August 3, 2004

Beauty In The Breakdown

Cinecultist kinda loves it when certain movies turn us into an obsessive fan girl. It's all about the tingling love of cinema buzzing through our veins. The newest installment to the list of films that have this power over us Zach Braff's Garden State which we saw over the weekend. More The Graduate than The Pallbearer, Garden State details four days wherein the morose Andrew Largeman (Braff) returns from his beige life in L.A. to his hometown in New Jersey to bury his mother. He meets a girl (Nathalie Portman), he goes off the meds, he finds himself AND he's introduced to the music of the Shins. It's a bildungsroman for the emo set, and though we found it sorta twee in the end, Cinecultist has to admit we sorta love twee. We do live in the Eee Vee afterall, ground zero for twee.*

Perhaps what Cinecultist found ourselves responding most strongly to in this movie, is the feeling Braff captures of walking through life with your earphones on. There are moments where the emotionally stunted Large fades away from an experience, disengages himself frozen in his spot as the other players rush around him and the soundtrack swells over the ambient noise. Partially a by product of a MTV-raised moviemaker where the song takes higher precedence over dialogue, but also partially a (seemingly conscious) expression of Large's modern malaise; this is a very effective technique Braff uses throughout the movie. And what a soundtrack this movie has as the dialogue fades away! Not just two tracks by the Albuquerque band the Shins, who Portman's character Sam introduces by telling Large "they'll change your life," but some Simon & Garfunkel, Coldplay, Nick Drake, Remy 7, Thievery Corporation and a cover of the Postal Service's "Such Great Heights" by Iron and Wine.

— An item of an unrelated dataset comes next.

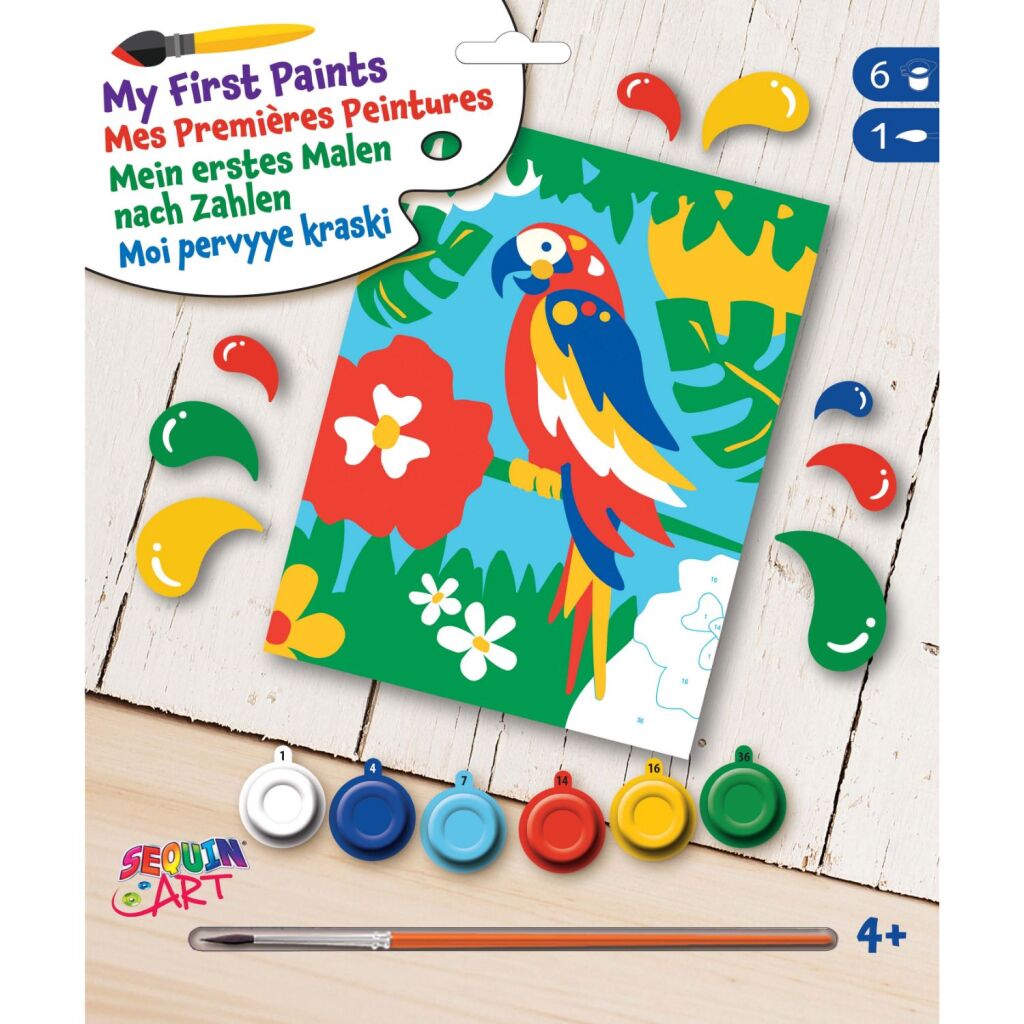 Sequin Art Paint by Numbers Parrot - 6 Colors - Suitable for Ages 4+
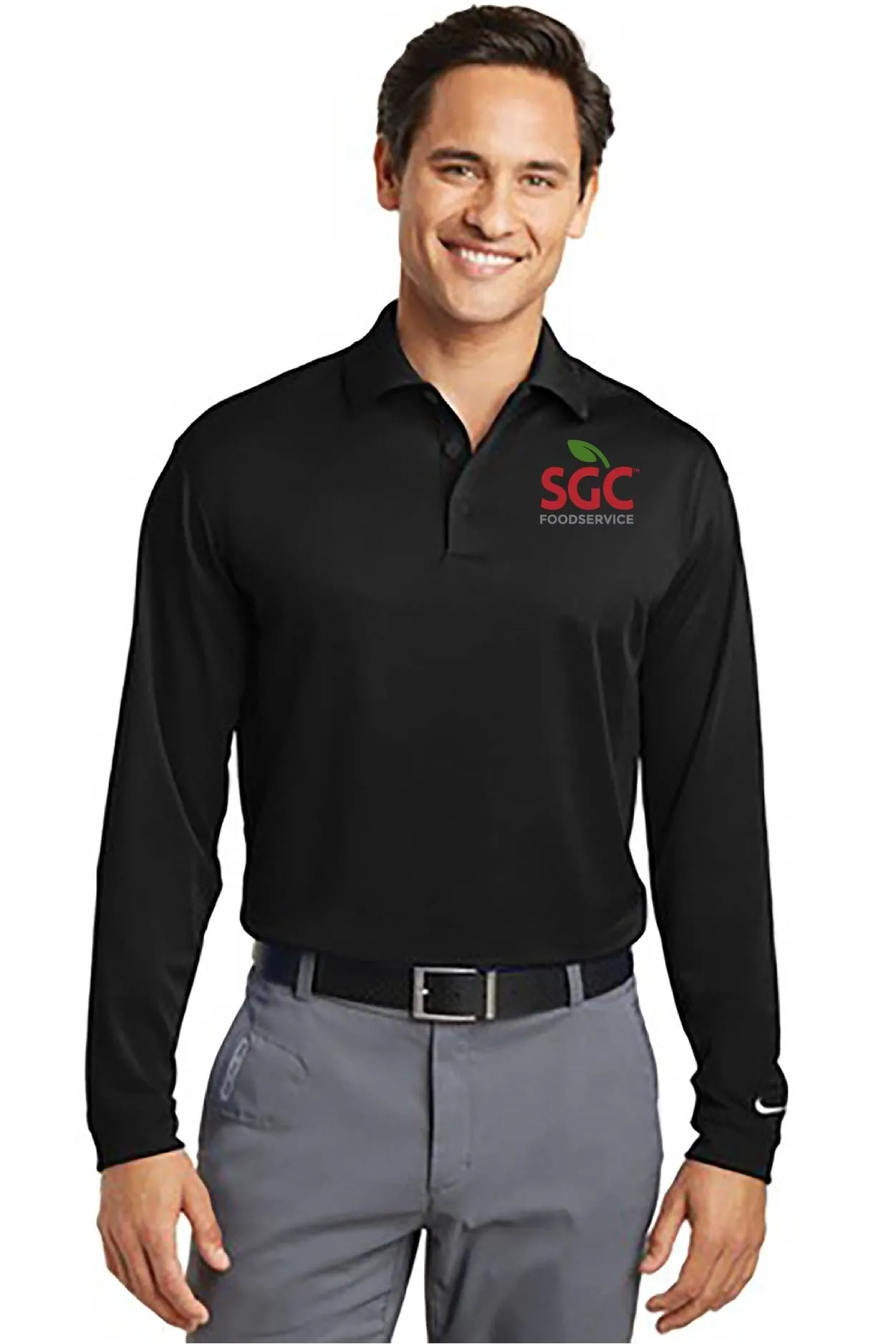 Fellers Logo Nike Golf Long Sleeve Dri-FIT Stretch Tech Polo - 466364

But getting back to the whole twee thing, the Postal Service cover is prime example of this movie's tendency to take romanticism just that little bit too far. Ben Gibbard, the emo king and our not-so-secret secret boyfriend, tempers his twee lyrics written for side project the Postal Service with the harder edge techno beats provided by Dntel. However Iron and Wine do the song purely as a folk tune, acoustic style. It's all too much sweetness, once we got beyond the thrill of hearing Gibbard lyrics coming from the big screen, as we watch Large and Sam spoon post-coital. The same can be said for the film's ending, which we'll refrain from detailing, except to say that it's much too tidy for our taste. As a self-avowed devote of Harold and Maude, Braff should have known better in this case. Let's hope for a more ambiguous sophomore effort with all of the wit and heart displayed in this picture.

For your listening pleasure we bring you the eponymous track from Garden State's trailer, Frou Frou's "Let Go." Listen to it loud and do some sort of dance movement that's entirely original, never before done in the history of humanity, just like the too quirky but adorable Portman. The soundtrack comes out August 10 and the film opens wide this coming weekend.

*Courtesy of a Convo yesterday with Jen we bring you a definition of "twee" from the Merriam-Webster Dictionary:
twee
Pronunciation: 'twE
Function: adjective
Etymology: baby-talk alteration of sweet
chiefly British : affectedly or excessively dainty, delicate, cute, or quaint

And there you have it. Definitions of obscure British words and movie reviews, Cinecultist is a full service weblog. P.S. to Jen, we'd so go and see this movie again with you. Let's go, right now.